SUPPLIED MATERIAL

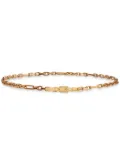 ETRO metallic chain-link belt - Gold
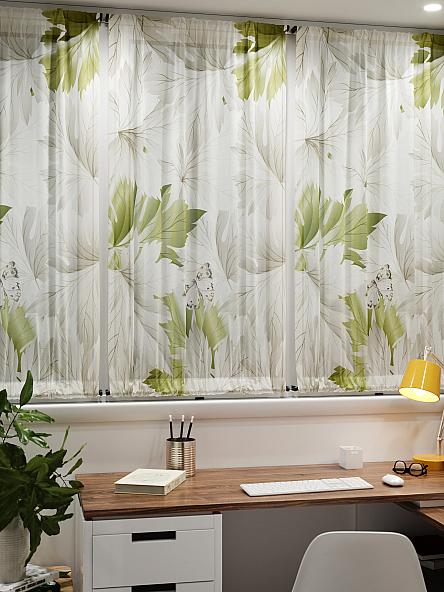 Тюль портьеры для кухни Иомикс - 17 - фото 7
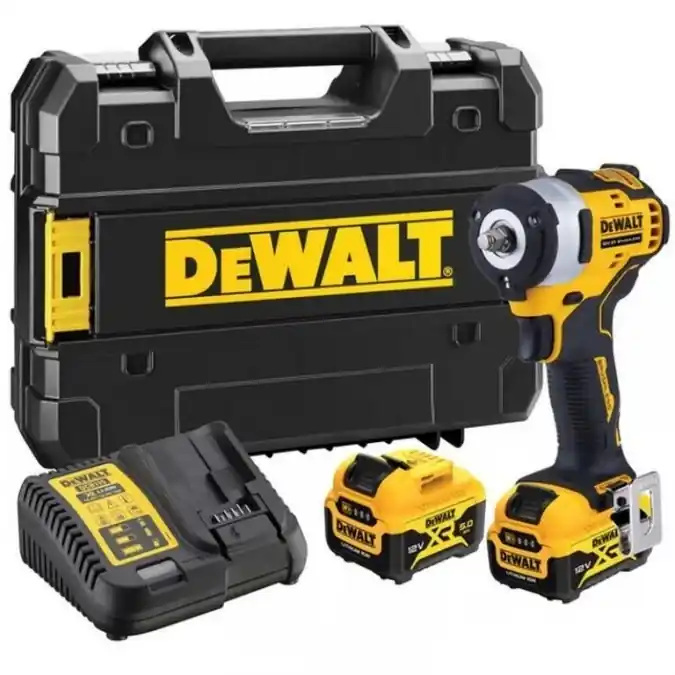 Oferta Akumulatorowy klucz udarowy 3/8 xr 12v 2*5.0ah tstak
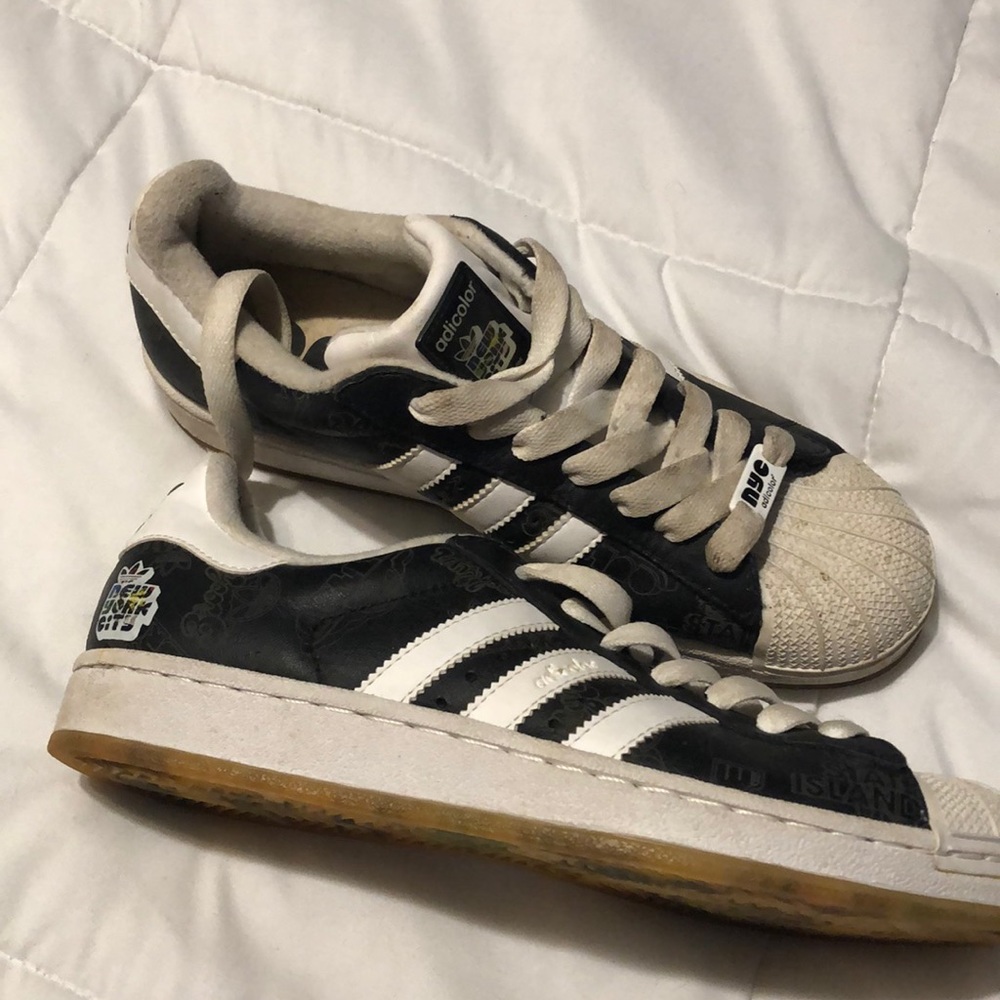 RARE! Adidas Superstar II Adicolor NYC Shoes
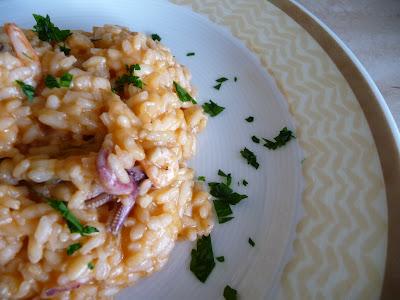 RISOTTO alla MARINARA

WORK TO BE COMPLETED
Could you give the listing again exactly, minus its pictures?

EXERCISE ANSWER
 ETRO metallic chain-link belt - Gold
 Тюль портьеры для кухни Иомикс - 17 - фото 7
 Oferta Akumulatorowy klucz udarowy 3/8 xr 12v 2*5.0ah tstak
 RARE! Adidas Superstar II Adicolor NYC Shoes
 RISOTTO alla MARINARA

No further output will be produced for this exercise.